What is sustainable development?

Sustainable development means meeting the needs of the present whilst ensuring future generations can meet their own needs.

It has three pillars: economic, environmental and social. To achieve sustainable development, policies in these three areas have to work together and support each other.

World leaders agreed on Agenda 2030, a set of 17 Sustainable Development Goals and 169 targets proposed by the United Nations in 2015.

The EU was instrumental in shaping Agenda 2030.  The EU and its member countries are fully committed to implementing the 2030 Agenda and its Sustainable Development Goals into EU policies.

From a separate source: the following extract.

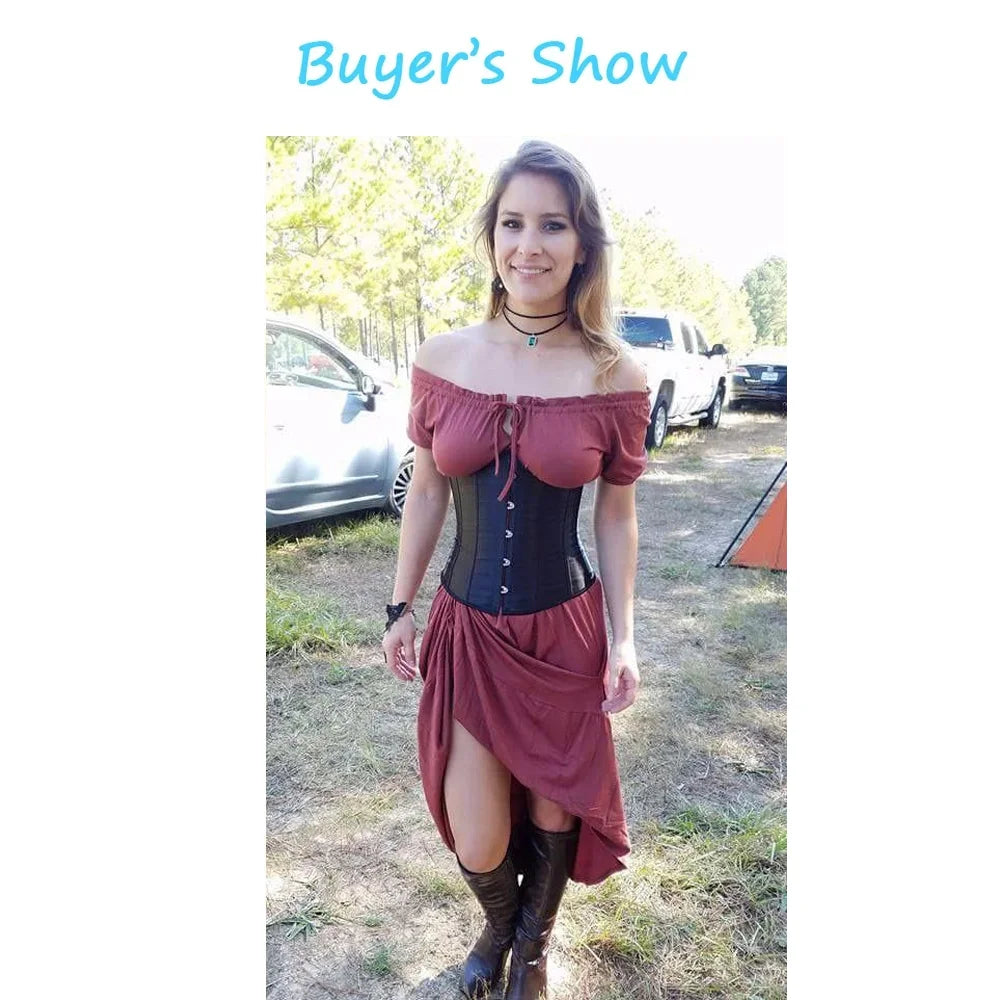 Underbust Corset Sexy Waist Slimming Corset Bustiers Body Shaper for Women Steampunk Lace-up Corset Belt Waist Trainer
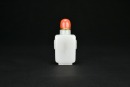 A White Jade &lsquo;Lion Mask&rsquo; Snuff Bottle. Qing Dynasty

EU trade policy and sustainable development

EU law requires all relevant EU policies, including trade policy, to promote sustainable development. So EU trade policy aims to ensure that economic development goes hand in hand with:

  • social justice
  • respect for human rights
  • high labour standards
  • high environmental standards

The EU works to ensure trade policy helps promote sustainable development through:

  • EU trade agreements
  • Special incentives for developing countries
  • Trade and development policy

The EU promotes sustainable development by addressing specific issues in EU trade policy:

Sustainable development in EU trade agreements

Modern EU trade agreements contain rules on trade and sustainable development. The EU and its trade partners must:

  • follow international labour and environment standards and agreements
  • effectively enforce their environmental and labour laws
  • not to deviate from environmental or labour laws to encourage trade or investment, and thereby preventing a 'race to the bottom'
  • sustainably trade natural resources, such as timber and fish
  • combat illegal trade in threatened and endangered species of fauna and flora
  • encourage trade that supports tackling climate change
  • promote practices such as corporate social responsibility

The EU also uses its trade agreements to:

  • promote sustainable public procurement
  • remove barriers to trade and investment in renewable energy

EU trade agreements with the following countries include rules on trade and sustainable development:

How it works in practice

The EU meets its partners regularly to discuss how they and the EU are implementing trade and sustainable development rules in the trade agreement between them.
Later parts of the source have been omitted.